On a personal note, the woman who was later to become my wife heard that I had gotten a scholarship. We didn’t know each other well then, although we’d studied French together at the University of Sydney. When she heard that I got the scholarship, she wrote to me to ask me about it. She applied for a scholarship too and got one, and that’s how we met. We became very good friends when we did Asian studies together. She emphasized Japanese studies, but then later on she changed to Chinese studies. She has written a textbook on Chinese language. I may mention her a bit later also, because of that textbook.

Anyway, at Canberra, there was a man who was asked to set up Chinese and Asian studies, named Hans Bielenstein. He was a Swedish aristocrat. He did not approve of Fitzgerald, regarding him as rather low-class, who didn’t study the Chinese sources as greatly as he might have done, although he did intensive work on the Bai. Hans Bielenstein’s work was on the Han Dynasty. He wrote extensively on the fall of the Han Dynasty and the Wang Meng interregnum, and then the restoration of the Han Dynasty in 9 AD. I think that was very interesting work. He came up with the view that the reason why was the change in course of the Yellow River. In other words he associated China’s geography and physical environment with its history. I think that’s quite an interesting way of looking at it. There are many people who think that you shouldn’t look at the environment as a mover of history, but other people think the reverse, namely that the physical environment has a big impact on society. Bielenstein was very conservative, and his views about politics were very conservative. He came here to Taiwan, but he wouldn’t have anything to do with the PRC. He thought that was the devil, that it was evil. He went to ColumbiaUniversity and took up a position there.

There was also a woman called Joyce Ackroyd who taught Japanese language. One of the things about Hans Bielenstein was that he taught historical texts. He didn’t teach contemporary language, only historical texts. He didn’t want to study contemporary times, only the past. That’s one view and it’s a view I respect, but my personal view is that we should study both, because Chinese history, as well as history in general, have a lot of impact on the present and that’s why I think it’s useful to understand both. Anyway, Bielenstein began to teach me Chinese, The methodology of language training he used was not very good, so I didn’t actually learn that much from him. But there was a woman called Vieta Rimsky-Korsakov, who was Russian, and a relation of the famous musical composer of the same name. She had lived in China and knew Chinese well. She was also a good teacher, so I learned a good deal from her. Still the emphasis in the course was on the study of China, rather than the language. I regret that in a way, but it was a good beginning.
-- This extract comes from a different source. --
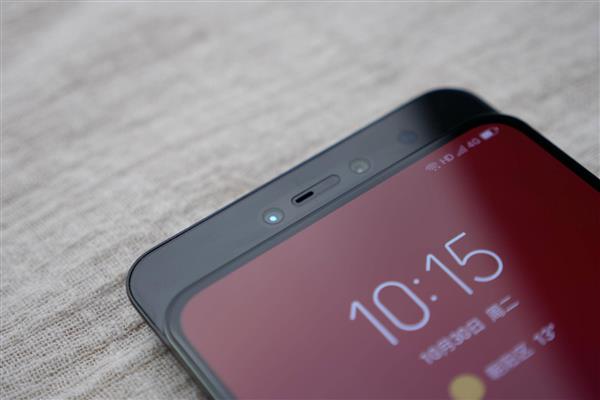 聯(lián)想Z5 Pro體驗：滑屏體驗贊、外放音質(zhì)成亮點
Australia at that time was very anti-Asian, and people didn’t take any notice of Asia. In particular it was very anti-China, but it was also anti-Japan because of World War II. It just wasn’t fashionable to learn about Asia. I was one of the first, actually, who broke that mould. I don’t regret that at all.

Interviewer: I’m just waiting for you to tell us about your interest and curiosity in Chinese opera? How was that a factor?

CM: Now should I talk about opera, because we have plenty of time, or should we talk about ethnicity?

Interviewer: Why don’t you just continue on your path?

CM: Alright then, I’ll continue on.

Interviewer: I think all this is very new to us, and it’s very interesting.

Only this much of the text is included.